When to use My App Server for this type of deployment
My App Server is a practical choice when you need Java hosting with direct control in Plesk, your application is based on Tomcat, and you want to manage a private JVM or a dedicated app server instance within your hosting account. It is well suited for WAR-based applications, JSP sites, servlet projects, and smaller Java services that do not require a complex enterprise cluster.
This type of hosting is a good fit when you want:
- Simple Java deployment through the control panel
- Selectable Java versions
- Tomcat management without manual server setup
- A separate runtime for your application
- Reliable hosting for small and medium Java projects
FAQ
Why does my Java app run on my computer but not on the hosting server?

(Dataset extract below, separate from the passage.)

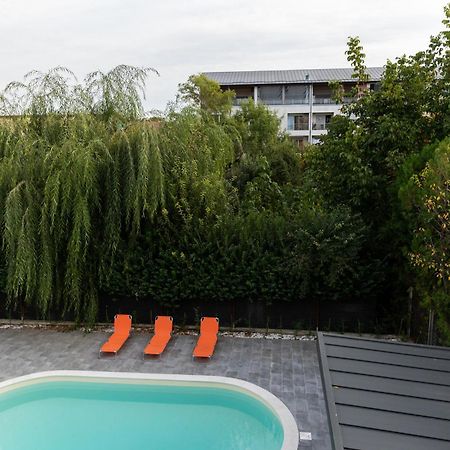 Studio 8 I One Bedroom Apartment I Airport I Therme Otopeni Bagian luar foto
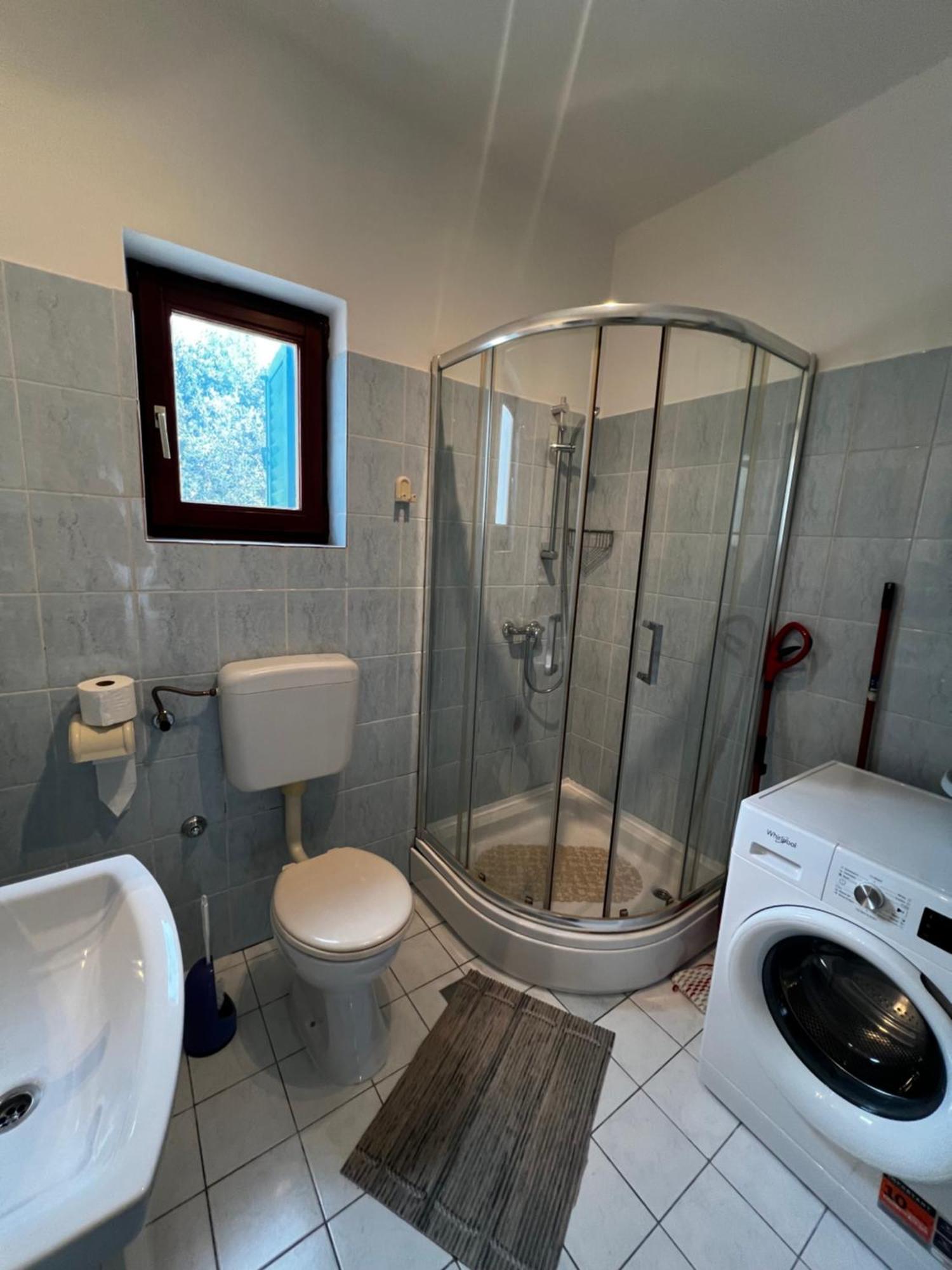 House Klarin Apartment Jezera Bagian luar foto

Usually because the server uses a different Java version, the build output is incomplete, or the application depends on local files and settings that are not present after upload.
What is the first thing I should check after a failed upload?
Check the Java version, then review the logs for the first startup error. In many cases this points directly to a missing library, class version mismatch, or file path problem.
Do I need to upload source code or a WAR file?
For Tomcat-based hosting, you normally upload the final deployable artifact, usually a WAR file. Source code alone is not enough unless your workflow explicitly supports server-side build steps.
Can a dependency work locally but still be missing on the server?
Yes. Your IDE may load libraries from the local environment, but the server only uses what is included in the uploaded package or available in the configured runtime.
How do I avoid path-related errors?
Avoid hardcoded local paths and use configurable server-side paths instead. Test file access with the same directory structure you will use after deployment.
Does Tomcat automatically fix build problems?
No. Tomcat runs the application, but it cannot repair an incomplete WAR, incompatible Java bytecode, or missing dependencies. The package must be correct before upload.
Conclusion
If a Java application works locally but fails after upload, the cause is usually a deployment mismatch rather than a code defect. Start by checking the Java version, build output, packaged dependencies, and server-side paths. Then use the hosting control panel, service controls, and logs to identify what changed between your local machine and the hosted environment.
In a Plesk-based Java hosting setup with My App Server, the most reliable approach is to build a clean WAR or compatible artifact, match the Java runtime, and verify that the application does not depend on local-only configuration. This is the safest way to deploy Java, Tomcat, JSP, and servlet applications on shared hosting with a private JVM or dedicated app server instance.